··· Records shown
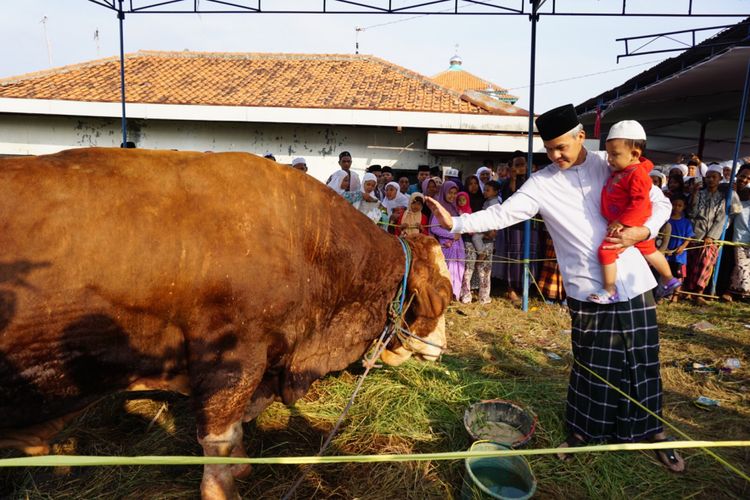 Gubernur Jateng menyerahkan sapi Simental kepada pengurus masjid di Kabupaten Pekalongan, Jumat (1/9/2017)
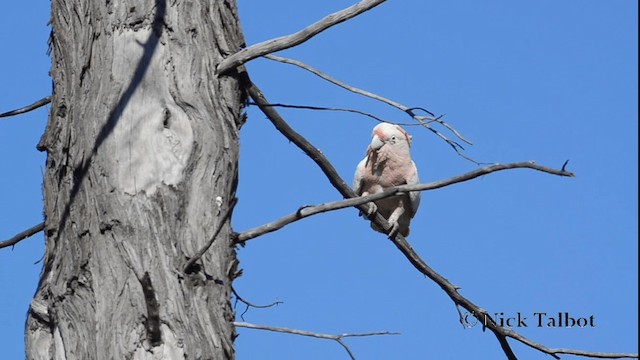 Pink Cockatoo - ML201733491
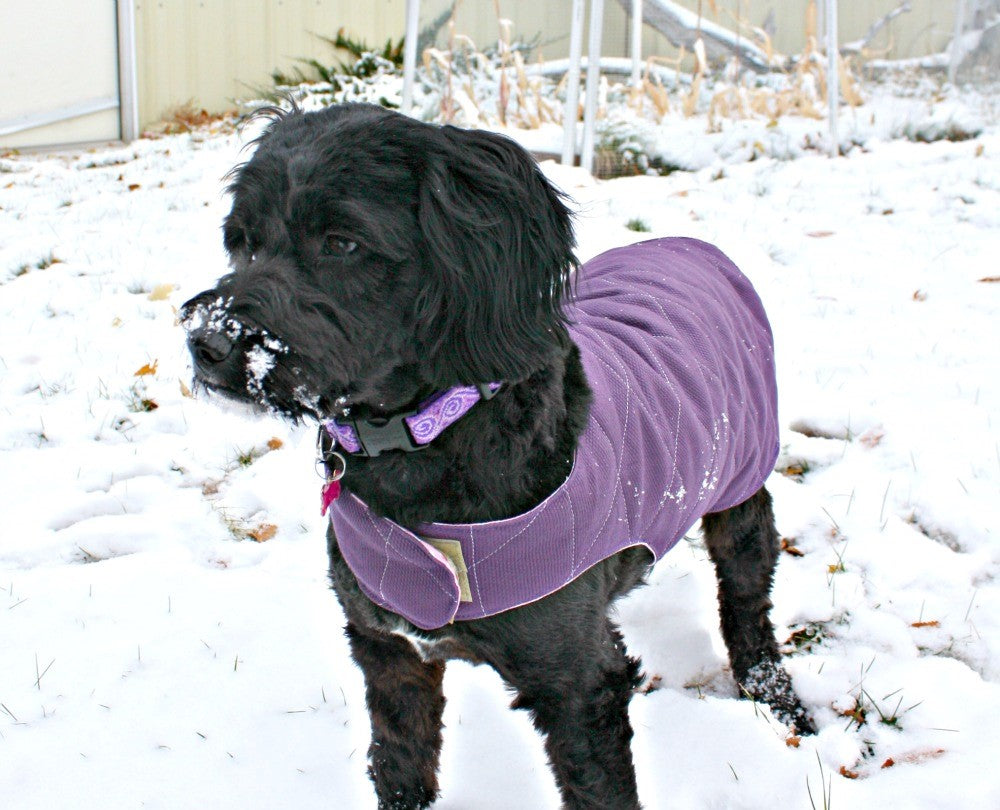 Cat or Dog Coat and Leash Bag - Beginners Sewing Class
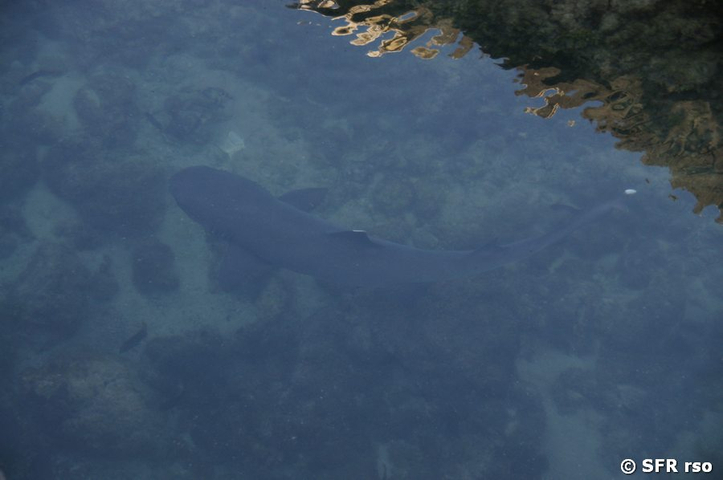 Weißspitzenhai in Las Tintoreras, Galapagos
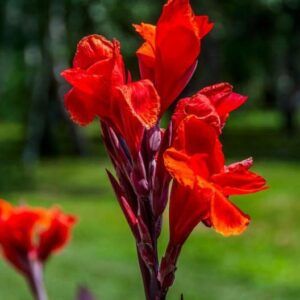 Kanna 'Red Dazzler' | 1 knoll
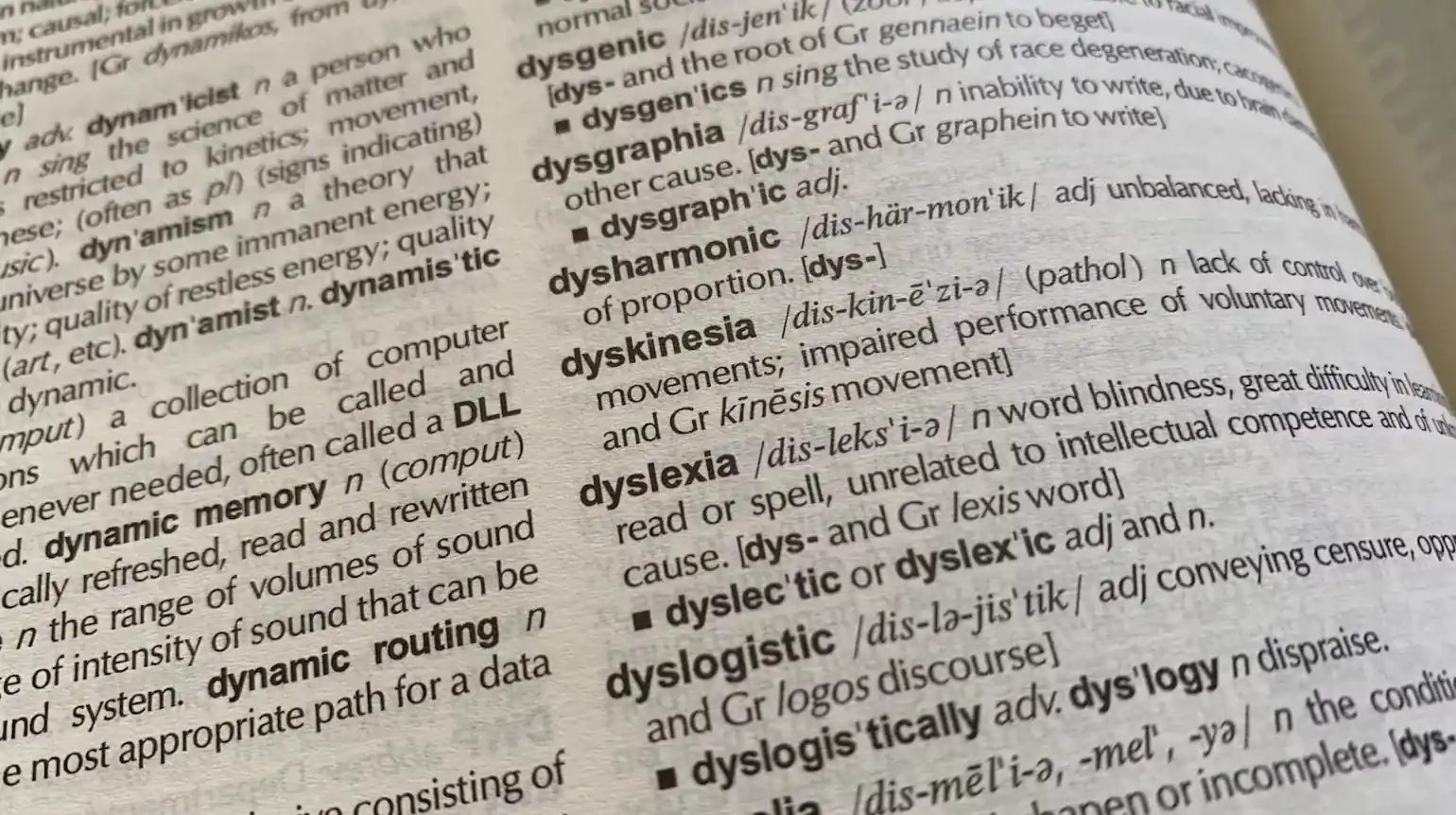 Synonyms and Antonyms Quiz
······
# What the task requires
Your answer must be an exact copy of every entry, with no pictures in it.

# Written reply
 Gubernur Jateng menyerahkan sapi Simental kepada pengurus masjid di Kabupaten Pekalongan, Jumat (1/9/2017)
 Pink Cockatoo - ML201733491
 Cat or Dog Coat and Leash Bag - Beginners Sewing Class
 Weißspitzenhai in Las Tintoreras, Galapagos
 Kanna 'Red Dazzler' | 1 knoll
 Synonyms and Antonyms Quiz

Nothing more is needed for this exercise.